1. Geciktim, çünkü zamanın akışının dışında yaşıyorum ve bunun peşinden koşmanın bir amacını görmüyorum.… "Geç kalanlar", belirli problemleri çözmedeki güçlü yanlarını abartma eğilimindedir ve makul olmayan şekilde olumlu tahminlerde bulunurlar. İşte bu yüzden oluyor: "Geç kalanın" görev başında yapmak zorunda olduğu her şeyden, en çok, ondan özel planlama ve zaman izleme becerileri gerektirmeyen bir günlük işleri hatırladı. Bu nedenle böyle bir insanın kafasında hayali bir dinginlik duygusu vardır. Örneğin haftalık bir iş gezisinde eşyaları toplamanın 20 dakika sürebileceğini düşünmüyorum. Bence bu işlem en fazla beş dakika sürüyor, bu süre içerisinde bir seyahat çantası alıp içine gerekli kıyafetleri, çarşafları ve diş fırçasını koyuyorsun. Her şey, gidebilirsin. Tabii ki, dünyanın kusurlarını düşünen bir karga sayılabilir ve yaklaşık 20 dakika boyunca gerçekten bir araya gelebilirsiniz. Ama ücretlerin kendisi sizi birkaç dakika sürecek, tartışacak bir şey bile yok.

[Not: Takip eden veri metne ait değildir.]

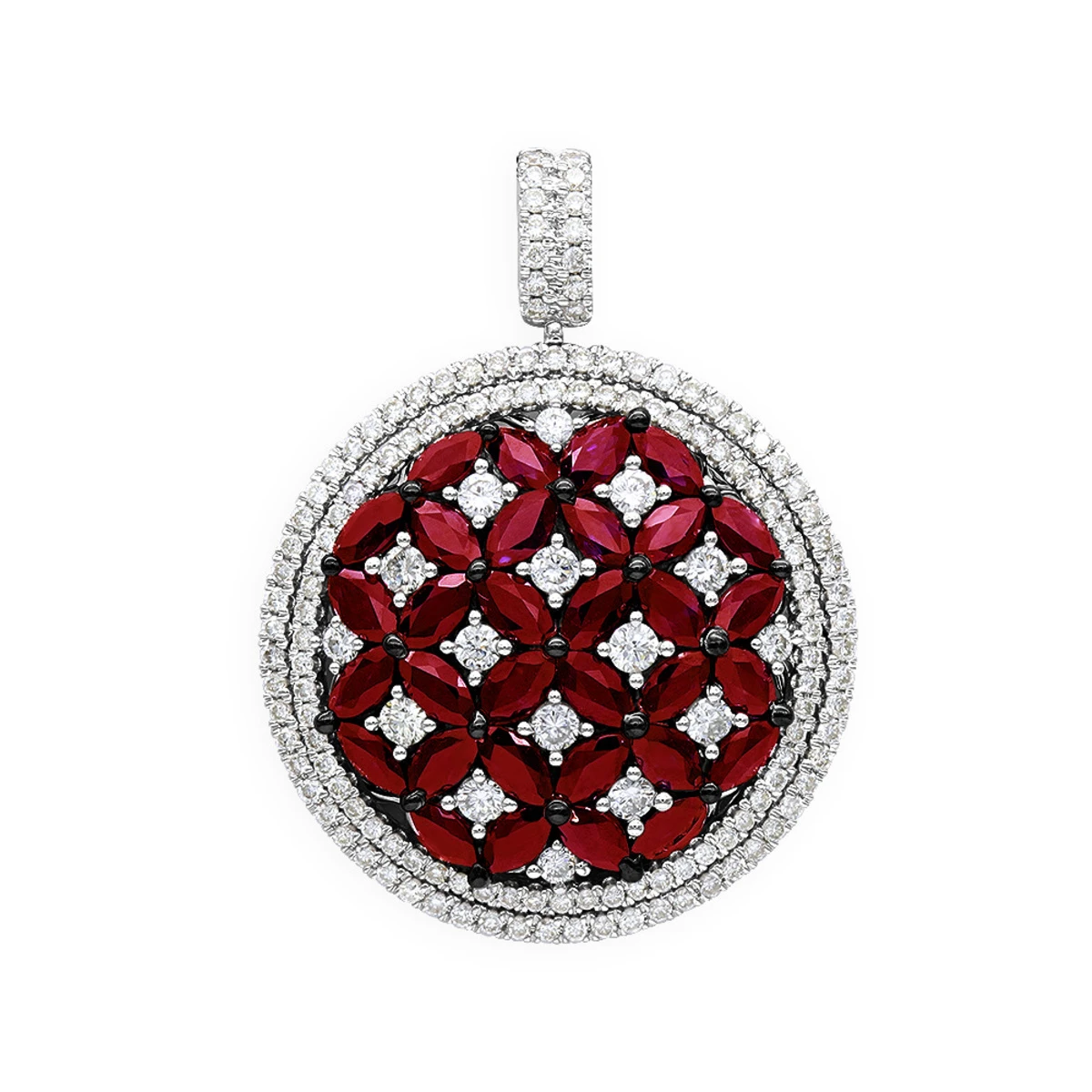 Unique Halo Ruby And Diamond Circle Pendant For Women 14K Rose Gold 4CT LUXURMAN - Image 2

2. Geç kaldım çünkü yaklaşan değişikliklerle ilgili açıklanamaz bir korku hissediyorum. Dürüst olmak gerekirse, meselenin tam olarak değişiklikler mi yoksa yaklaşımları mı olduğundan emin değilim. Ama itiraf etmeliyim ki, derinlerde bir noktada, uzun süredir planlanmış şeyleri ertelemem ve temelde farklı bir şey yapmam gerektiği fikrine gerçekten karşıyım. Ve sorun, bazı görevleri sevmem ve diğerlerini pek sevmemem değil. Sadece özü sağduyuya aykırıdır. Artı şu ki, nihayet işe başladığımda, kendimi tamamen ona teslim ediyorum, ofisten sonuncusu arasında ayrıldım - gerçek bir emek kahramanının değerli bir eylemi.

Ve sonunda …

3. Kendimden memnun olmadığım için geç kaldım.… İnanması zor ama bunun kendi mantığı var: Bir kişi belirli bir günde üretkenliğini ne kadar düşük değerlendirirse, o kadar geç kalır. Mevcut iş başarımdan ve genel olarak günümden son derece memnun olduğumu varsayalım. Böyle anlarda, kendinizi tatmin olmuş bir insan, hayatınızın efendisi gibi hissedersiniz. Ancak ne yazık ki, en “ilginç” olanın “sonraya” kaldığı günler çok daha sık oluyor. Ve o anda, zaten her şey gitmiş gibi göründüğünde, beyin kendi yetersizliğine katlanmayı reddediyor. Kendini kırbaçlama nöbetinde, en azı günün planlarıyla başa çıkmak olan çok şey yapabilirim. Gece bile.

Bu yüzden hep geç kalıyorum - hayatım sağduyudan yoksun. Kendi hayatlarını karartan "geç kalanlar" için bahaneler aramayın - yanıldıklarını ve bir şeyleri değiştirmeleri gerektiğini biliyorlar. Onlar, sen değil. Sonuçta onlarda sorun var.